これはやばい。先週全米拡大公開、約2,500館以上で公開されたと「ブラックハット」が、翌週には数える程度でしかやっていない。しかもよく見ると夜最後の一回だけ上映だったりする。これでは来週にはもう完全に劇場から消えているだろう。見るなら今しかない。というわけで、いつもより遠目のマルチプレックスにクルマを出して行ってきたのだった。


たぶん、この時期に公開した理由は、先週見た「96時間: レクエイム (Taken 3)」同様、アカデミー賞なんかどうでもいいから、気分がスカッとするアクションを見たいというファンを見こしてのスケジューリングだったと思う。この手法自体は間違っていない。間違ったのは、これが一般的なアクション・ファンにアピールする、肩の凝らないアクションであるかどうかという点の判断だ。「レクイエム」はいい、しかし「ブラックハット」はストーリーを理解するには頭を使い過ぎる。

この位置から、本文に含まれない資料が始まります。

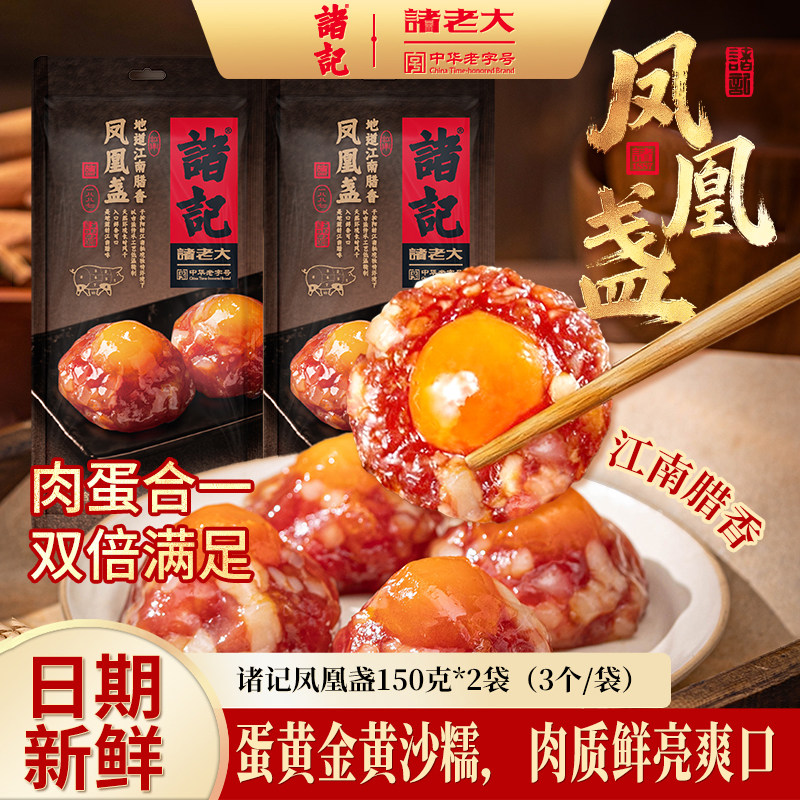 【诸老大】诸记凤凰盏50g*6个广式腊味腊肠腊肉咸蛋黄香肠肉饼,粮油调味/速食/干货/烘焙,香肠/腊肠/烤肠,淘宝优惠券,粉丝福利购,淘宝优惠卷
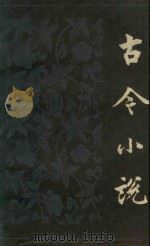 古今小说  下（1984 PDF版）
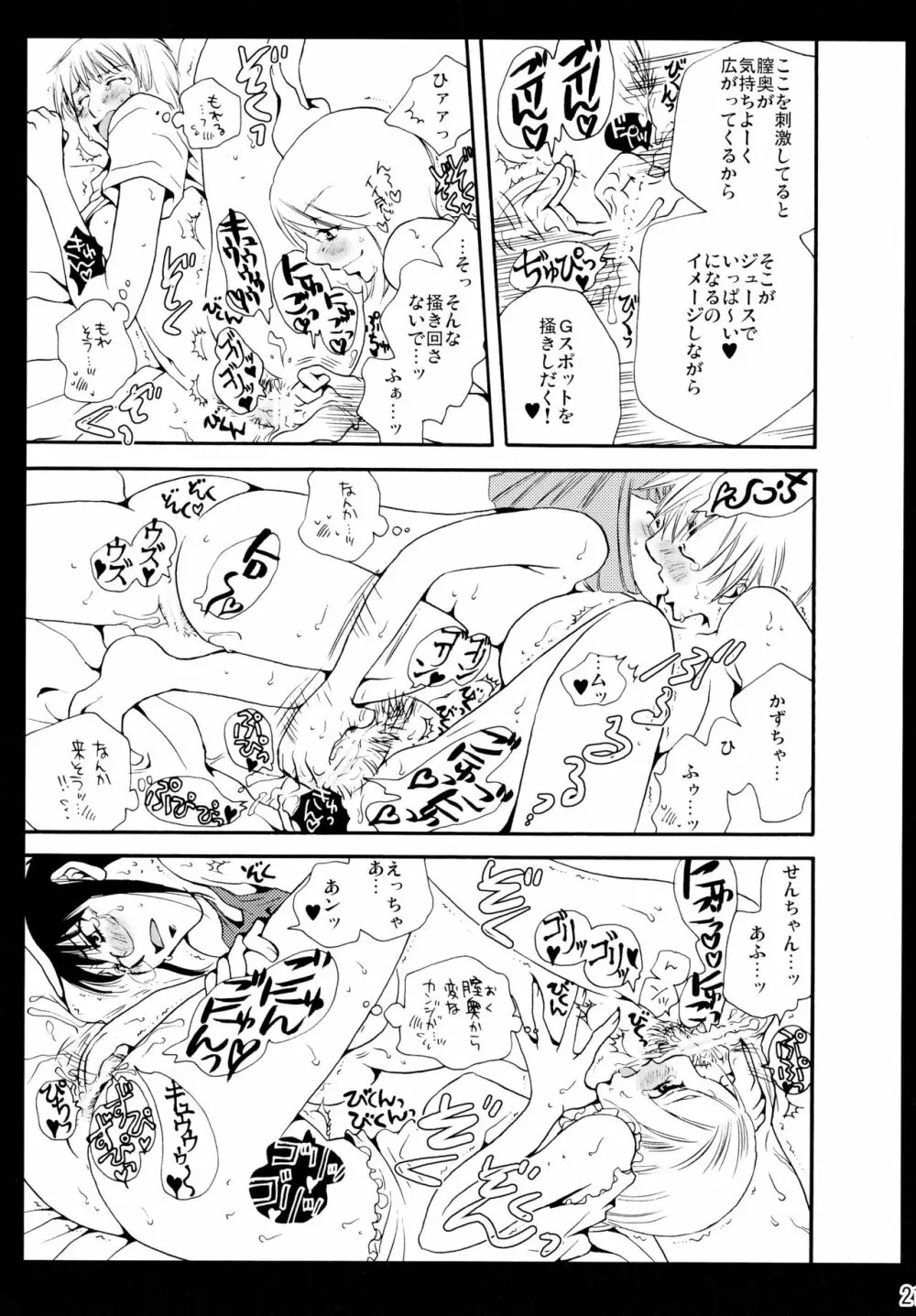 シモユリ後期総集編 Page.21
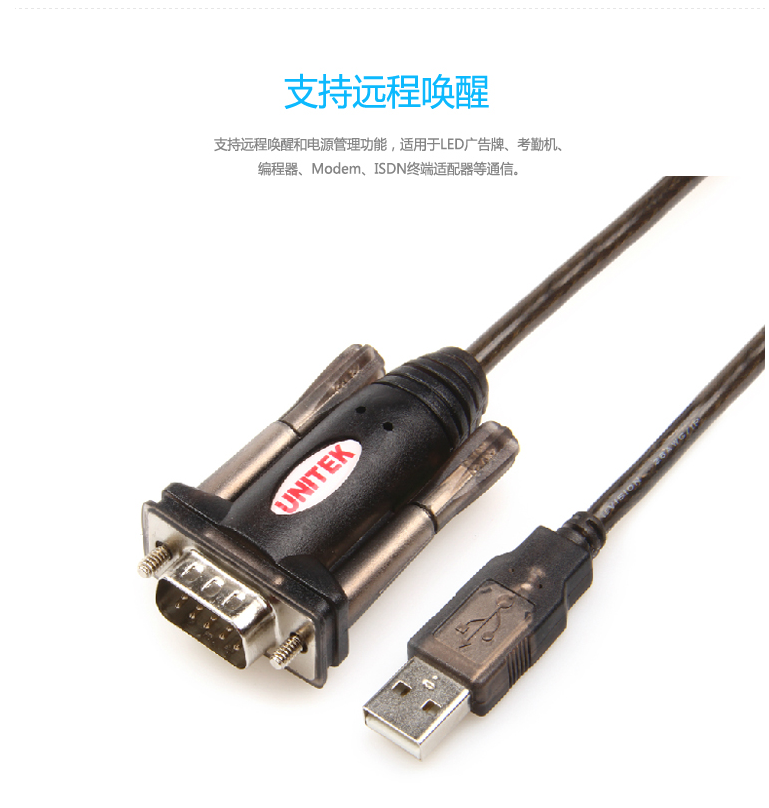 Concentrateur USB - Ref 365152 Image 9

また、ヘムズワースはともかく、そのラヴ・インテレストとなるウェイ・タン、パートナー役のリーホム・ワンが、正直言ってアメリカではまったく無名の中国人俳優というのも痛かった。同じ中国人女優でも、これがチャン・ツィイーとかなら話はまた違ってきたんじゃないかと思う。

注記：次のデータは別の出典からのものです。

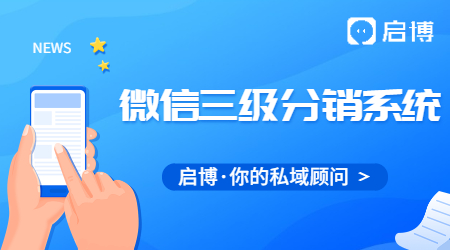 什么是微信三級分銷系統？微信三級分銷系統有什么好處?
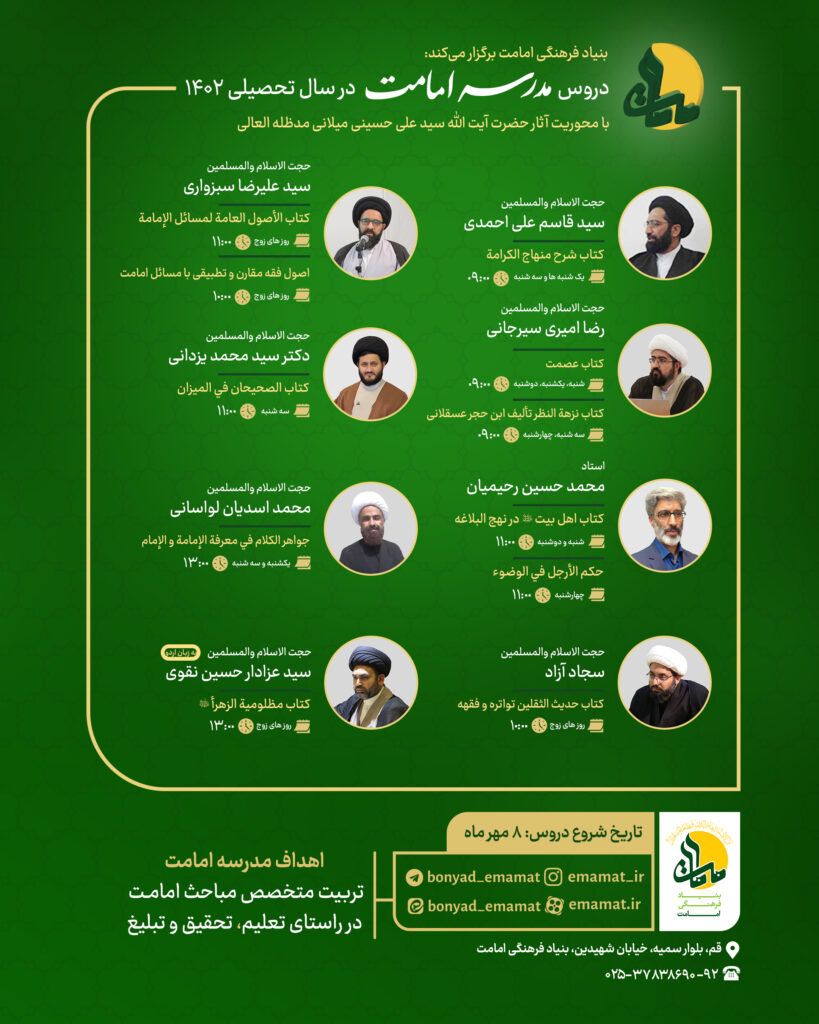 مدرسه امامت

それにどう見ても肉体派にしか見えないヘムズワース自身だって、ハンマーぶん回してばかりのソーならともかく、天才ハッカーというのも、彼自身の守備範囲から外れてないかという気は確かにする。ヒュー・ジャックマンも肉体派ウルヴァリン、「ソードフィッシュ (Swordfish)」での天才ハッカーと、ヘムズワースと似たようなキャラクターを演じているが、ジャックマンの場合はガタイがヘムズワース並みにでかくはないため、頭脳派でもそこそこ絵になる。しかしヘムズワースのハッカーは、説得力に欠ける気がするのは如何ともし難い。要するにこれらの気になるキャスティングを無視してまで、人に見ようという気にさせるまでのものがなかったということだろう。

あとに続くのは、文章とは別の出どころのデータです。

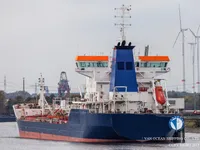 Olie-/chemikaliëntanker te koop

とはいってもマン作品だ。なにはともあれアクションだ。実際の話、やっぱりマンのアクションの演出は癖になる。マン作品と「レクイエム」の最大の違いは、マン作品では、「レクイエム」にようにマシンガン撃って主人公に一発も当たらない、みたいな描写がないことにある。むろんマン作品だ、「ブラックハット」だってマシンガン並みに銃を撃つが、近距離で主人公に対してマシンガン撃っているのにかすり傷一つ負わないというのをスロウ・モーションで撮る、なんて描き方はさすがにしない。時にリアリティより絵を重視するという得意のマン演出もあることはあるが、それでもやはりマン・アクションは手に汗握る。これだよ、これ。ストーリーが破綻していようがわかり難かろうが、これを見るためにわざわざ劇場まで来ているのだ。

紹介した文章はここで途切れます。